Records from a collection:
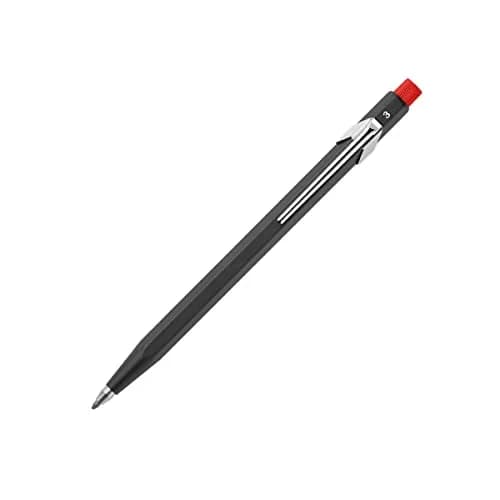 Caran d'Ache Fixpencil Black 3mm Mechanical Pencil | Hexagonal Grip, Fine Point thumbnail 4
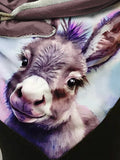 Donkey Casual Print Scarf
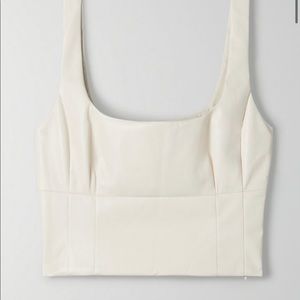 Aritzia Shine Bustier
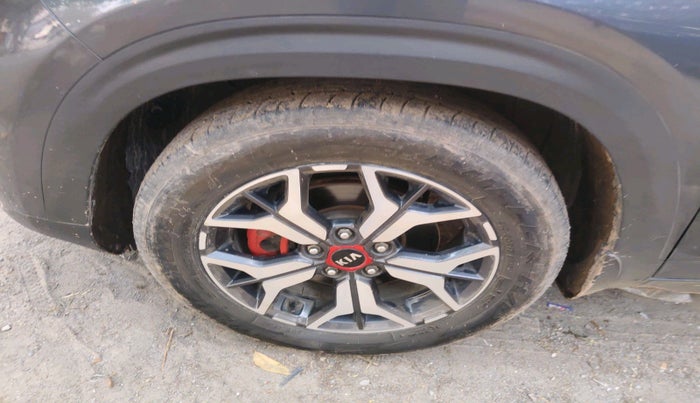 2019 KIA SELTOS GTX PLUS DCT 1.4 PETROL, Petrol, Automatic, 80,622 km, tyre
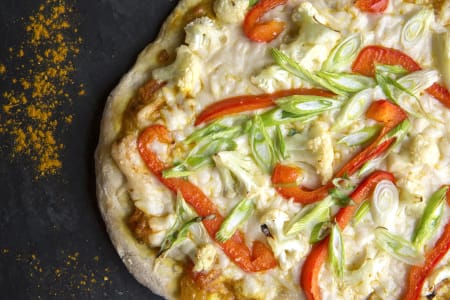 Succulent Salad and Flavorful Flatbreads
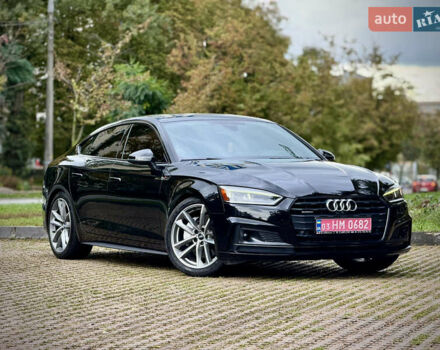 Черный Ауди A5 Sportback, объемом двигателя 2 л и пробегом 196 тыс. км за 27000 $, фото 1 на Automoto.ua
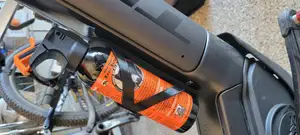 MTB bike water bottle (bidon) cage replacement for Bear spray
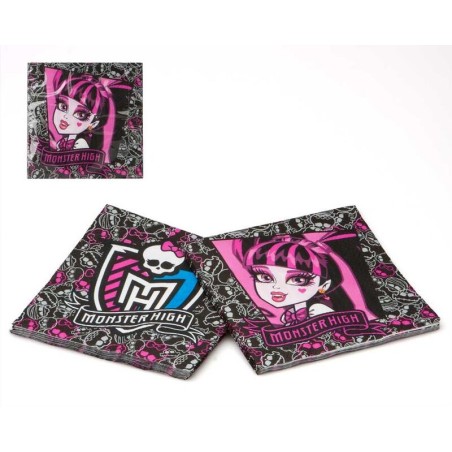 Servilletas Monster High 15 uds 33 cm 5907667257660 17128AT
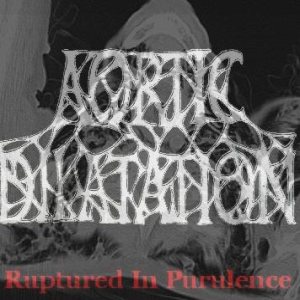 Aortic Dilatation - Ruptured in Purulence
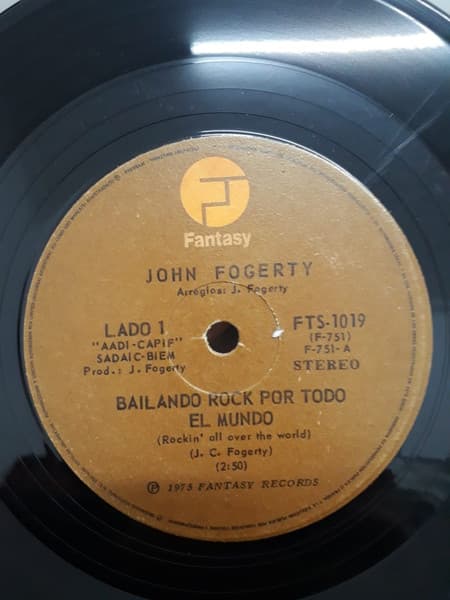 John Fogerty — Bailando Rock Por Todo El Mundo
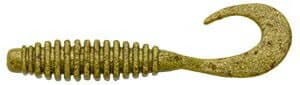 Ecogear Jukusei Aqua Milfull 3.3 inch #J17 Olive Gold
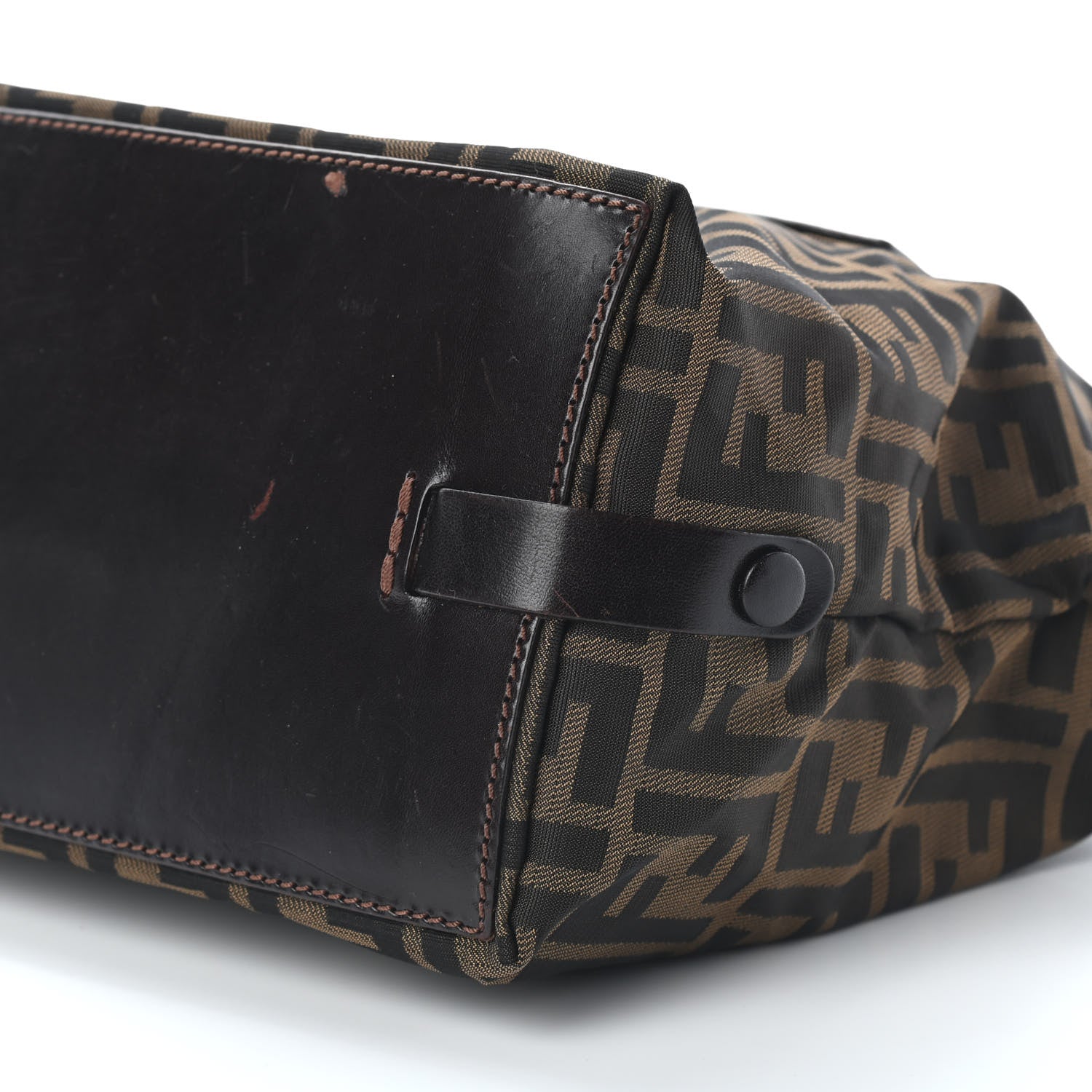 Fendi Zucca Tote Tobacco 8 of 9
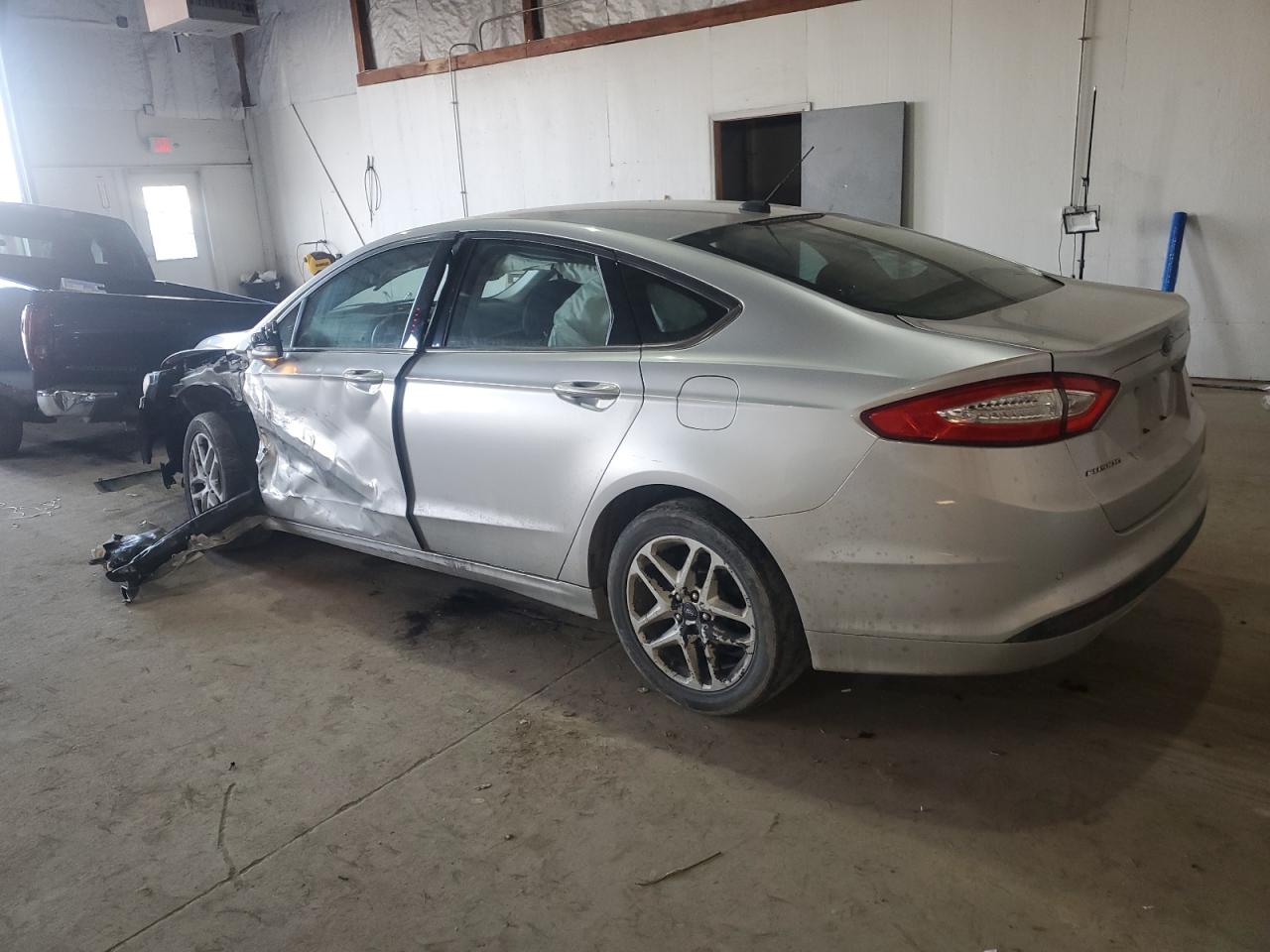 2014 Ford Fusion VIN 3FA6P0H73ER134604 Copart auction photo, side / all over damage thumbnail 2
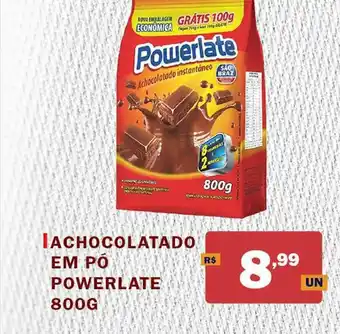 Achocolatado Em Pó Powerlate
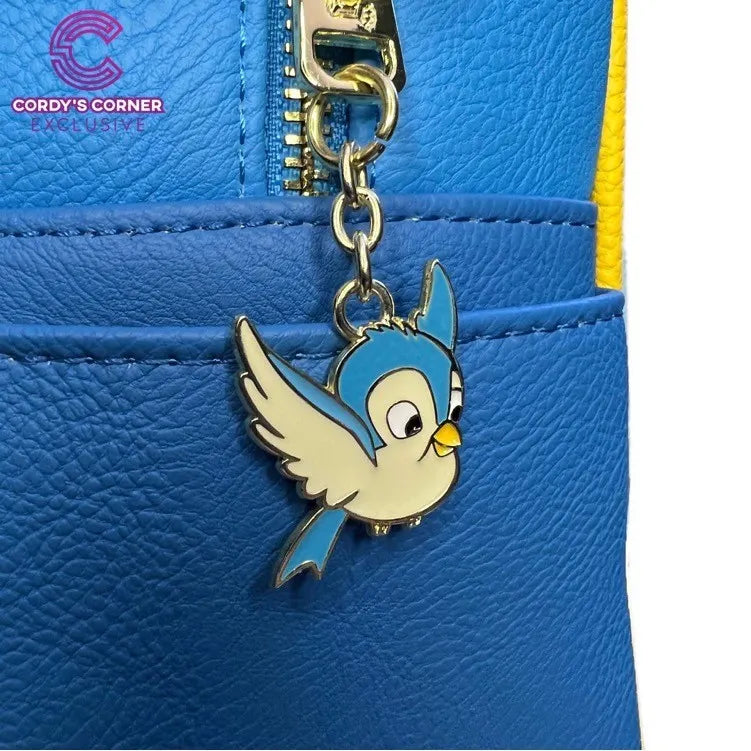 Loungefly Snow White Stained Glass Mini Backpack-zoom-3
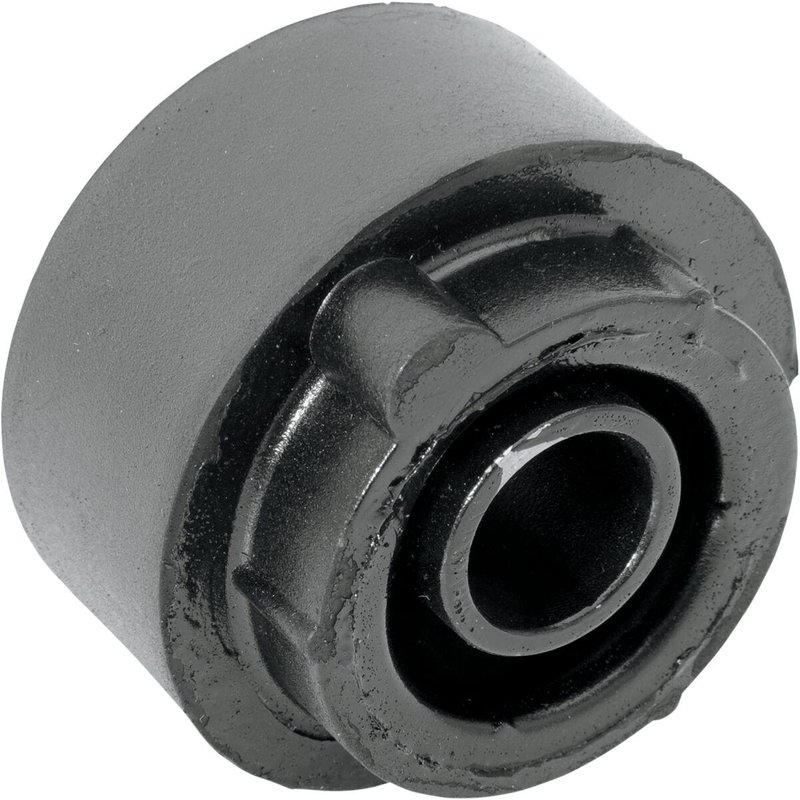 E28-0033 - Drag Specialties Isolator Mount For Harley Davidson XL 1200 C 2004-2020 Front - Black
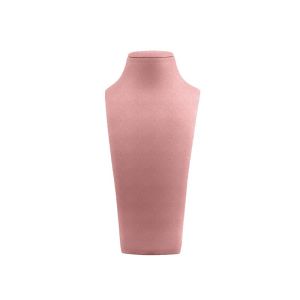 Busto expositor personalizado para joias em veludo cd-c102-v26
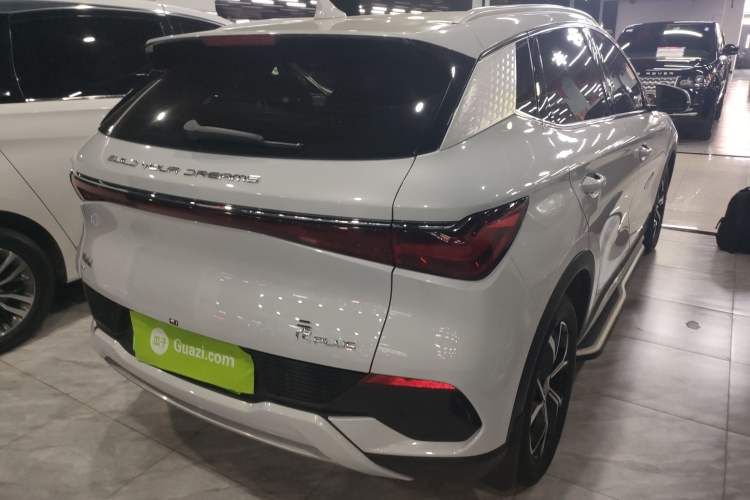 Used BYD Yuan PLUS 2024 Honor Edition 430KM Leading Model
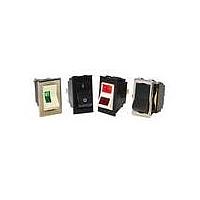 Carling Technologies LTILA51-6S-WH-AM-NBL/12V Full-Sized Rocker Switch LTILA516SWHAMNBL/12V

### Work order
Each entry above should be returned exactly as written, minus its pictures.

### Solution
 Caran d'Ache Fixpencil Black 3mm Mechanical Pencil | Hexagonal Grip, Fine Point thumbnail 4
 Donkey Casual Print Scarf
 Aritzia Shine Bustier
 2019 KIA SELTOS GTX PLUS DCT 1.4 PETROL, Petrol, Automatic, 80,622 km, tyre
 Succulent Salad and Flavorful Flatbreads
 Черный Ауди A5 Sportback, объемом двигателя 2 л и пробегом 196 тыс. км за 27000 $, фото 1 на Automoto.ua
 MTB bike water bottle (bidon) cage replacement for Bear spray
 Servilletas Monster High 15 uds 33 cm 5907667257660 17128AT
 Aortic Dilatation - Ruptured in Purulence
 John Fogerty — Bailando Rock Por Todo El Mundo
 Ecogear Jukusei Aqua Milfull 3.3 inch #J17 Olive Gold
 Fendi Zucca Tote Tobacco 8 of 9
 2014 Ford Fusion VIN 3FA6P0H73ER134604 Copart auction photo, side / all over damage thumbnail 2
 Achocolatado Em Pó Powerlate
 Loungefly Snow White Stained Glass Mini Backpack-zoom-3
 E28-0033 - Drag Specialties Isolator Mount For Harley Davidson XL 1200 C 2004-2020 Front - Black
 Busto expositor personalizado para joias em veludo cd-c102-v26
 Used BYD Yuan PLUS 2024 Honor Edition 430KM Leading Model
 Carling Technologies LTILA51-6S-WH-AM-NBL/12V Full-Sized Rocker Switch LTILA516SWHAMNBL/12V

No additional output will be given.